Wednesday, April 19, 2017

#411: Queensryche, "Revolution Calling" (1988)

https://www.youtube.com/watch?v=CNdOsL4Xe7Q

In high school, tales of dystopia are oddly thrilling. We're shown a dictatorial world in which teens are forced to memorize official fictions and have few choices over the content of their lives, and we get to pretend this is escapist fiction, full of heroic resistance, instead of our daily routine. (I suspect dystopia becomes a more and more attractive theme the more assigned homework a given student completes.) These days dystopias dominate Young Adult novels (the Hunger Games and Divergent and the Giver and Chaos Walking and Maze Runner series, and on, and on), and get turned into hit movies as often as not.

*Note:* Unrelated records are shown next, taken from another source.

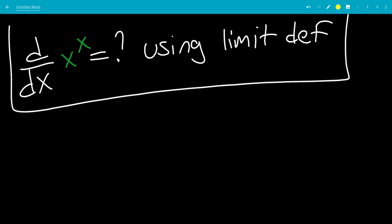In this video, we did the derivative of x to the x using the limit definition of derivative. Also, don't forget to subscribe and turn on notifications so you don't miss a future video.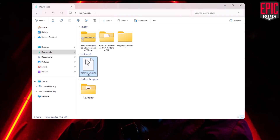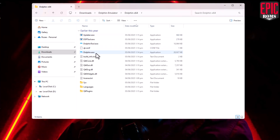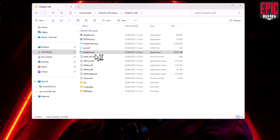Now let's open the Dolphin emulator folder we just extracted. Look for the application named Dolphin — that's the one with the blue dolphin icon. Double-click to run it.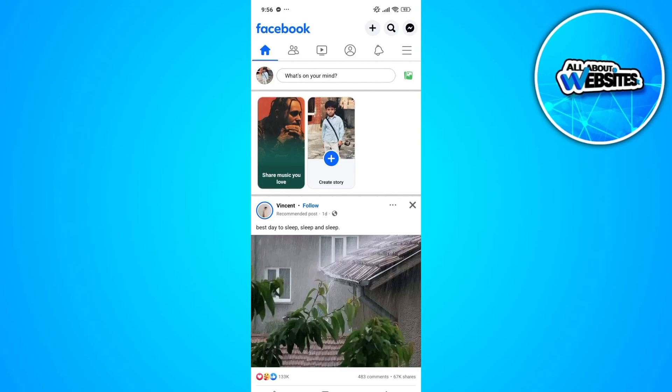In this video, I'm going to show you how to search on Facebook without Meta AI. Meta AI is an AI virtual assistant founded by Meta Incorporation.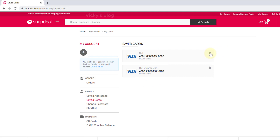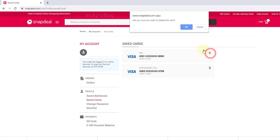Just click Delete. It will ask: are you sure you want to delete this card? Just say Yes and click OK. Your card will be removed. That's it — thank you so much for watching my video, please put your comments and feedback. Thank you, bye!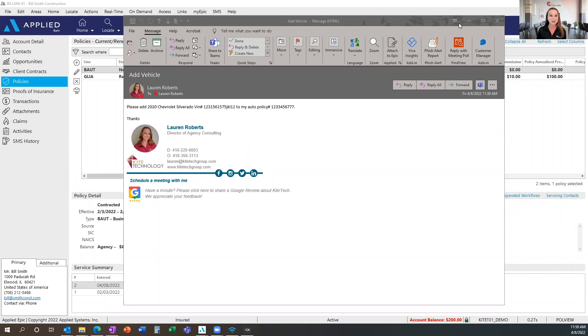Hi, welcome to Consulting Corner. My name is Lauren Roberts and I'm the Director of Agency Consulting here with Kite Technology Group. Today what I want to share with you is a few tips and tricks on how to use the Outlook add-in for Applied Epic.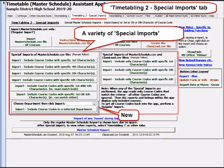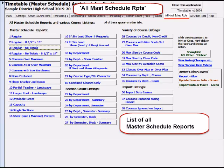The special imports are the same as in the past, but have been moved to the Timetabling 2 tab. One nice addition is the drop-down for a special import by department.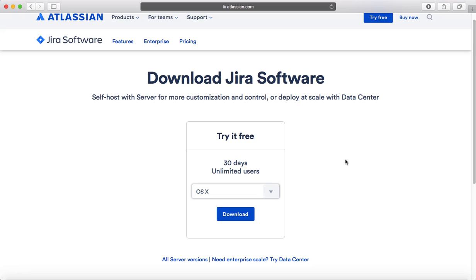So that covers installing Atlassian Jira software on your own server or trying it free for seven days on the cloud. Thank you.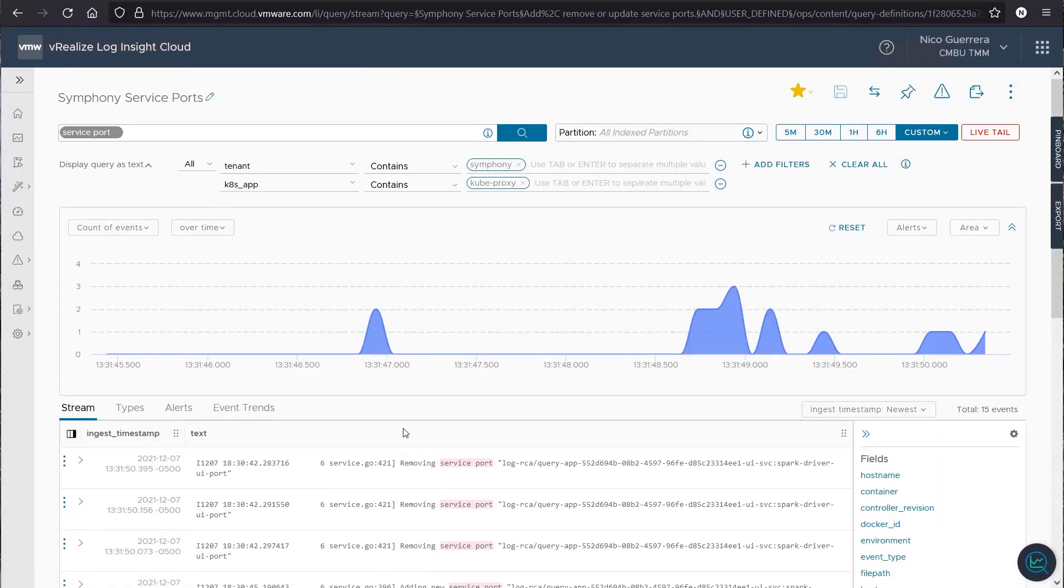So, this concludes our overview of creating custom dashboards in vRealize Log Insight Cloud. Thank you so much for watching.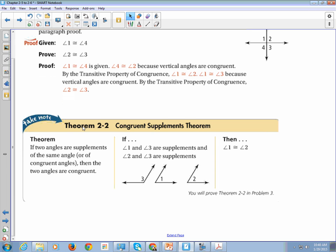The congruent supplements theorem says: if two angles are supplements of the same angle or of congruent angles, then the two angles are congruent. So if angle 1 and angle 3 are supplements — they combine to 180 degrees — and angle 2 and angle 3 are supplements, then angle 1 is congruent to angle 2. If you look at angles 1 and 2, they even look congruent.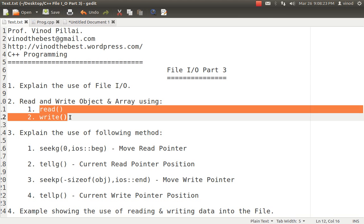Every file in C++ has two major types of pointers: a read pointer and a write pointer. The read pointer is used for reading data from the file, and the write pointer is used for writing data to the file. With the help of these pointers, we are actually able to get or write data into files. Whenever you want to write to a particular position, the write pointer must be at that position; similarly, to read specific data, the read pointer must be at the correct location.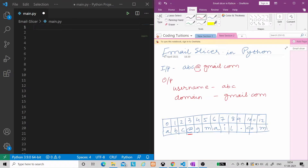Hello everyone, welcome to the Coding Tuition. In this video we will see another Python project which is an image slicer in Python. This project is also for beginners. We will understand exactly what we have to do, then we will learn the logic, and then we will write the code. We will not jump directly to the code.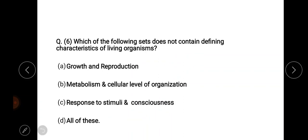Which of the following sets does not contain defining characteristics of a living organism? The right answer: growth and reproduction.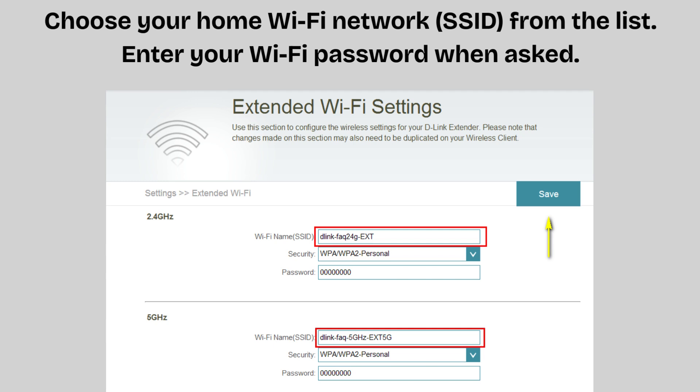You can keep the same Wi-Fi name (SSID), which makes roaming seamless, or create a new SSID like myhome_ext, which makes it easier to identify.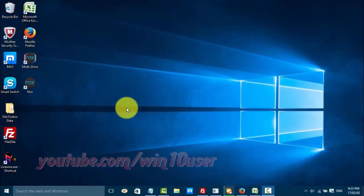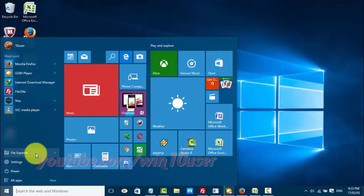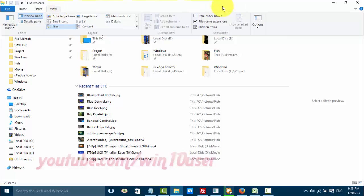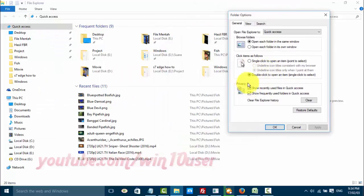To hide or clear recent files from File Explorer in Windows 10, open File Explorer by clicking the Start Windows icon, then click File Explorer. Go to the View section from the top bar, click on Options, and uncheck 'Show recently used files in Quick Access' to clear them, or check it to enable the feature.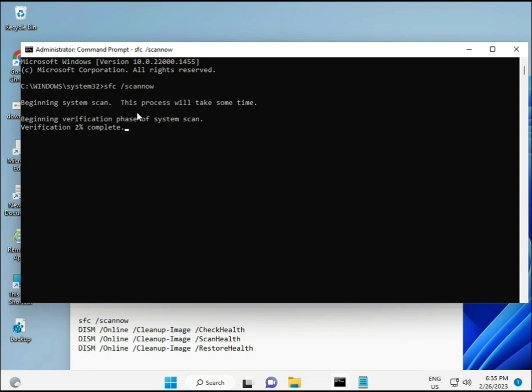The first command is SFC /scannow. You'll see a percentage on screen as it scans and finds corrupted files. The second command checks your computer's health, the third performs additional checks, and the fourth restores health. All four commands are very important for your computer.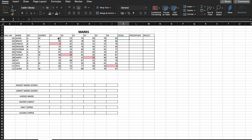Hey guys, welcome to 100 for 100. Let us begin with the first question. In this question we have been given the row numbers of the students, their names, the divisions, their genders, as well as the marks scored by them in each of the six subjects.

In 1988, we mostly just had Aldous Huxley and George Orwell -- winning us over through sheer persuasive brilliance in the absence of targeted marketing. Joined, occasionally, by a rock band taking inspiration from them.

Operation: Mindcrime was Queensryche's emergence as a major band -- an album that still shows up on magazine-compiled lists of Greatest Rock Albums or Most Important Albums or even Albums You Must Hear Before You Die lists (Kerrang! apparently fancies itself the music magazine of a dictatorial state itself, although its threat of "hear these albums or we won't kill you" shows, to my mind, an incomplete grasp of their task). It has, by rock album standards, a fairly complex story: protagonist Nikki, a would-be political radical, is seduced into a revolutionary movement whose cult-like leader takes control of him, using hypnotism and heroin addiction, and turns him into an assassin. Nikki falls in love, is ordered to kill his love, refuses, runs away, and barely escapes with his life; as he lies catatonic in the hospital, a wave of political assassinations linked to his old movement continue without him.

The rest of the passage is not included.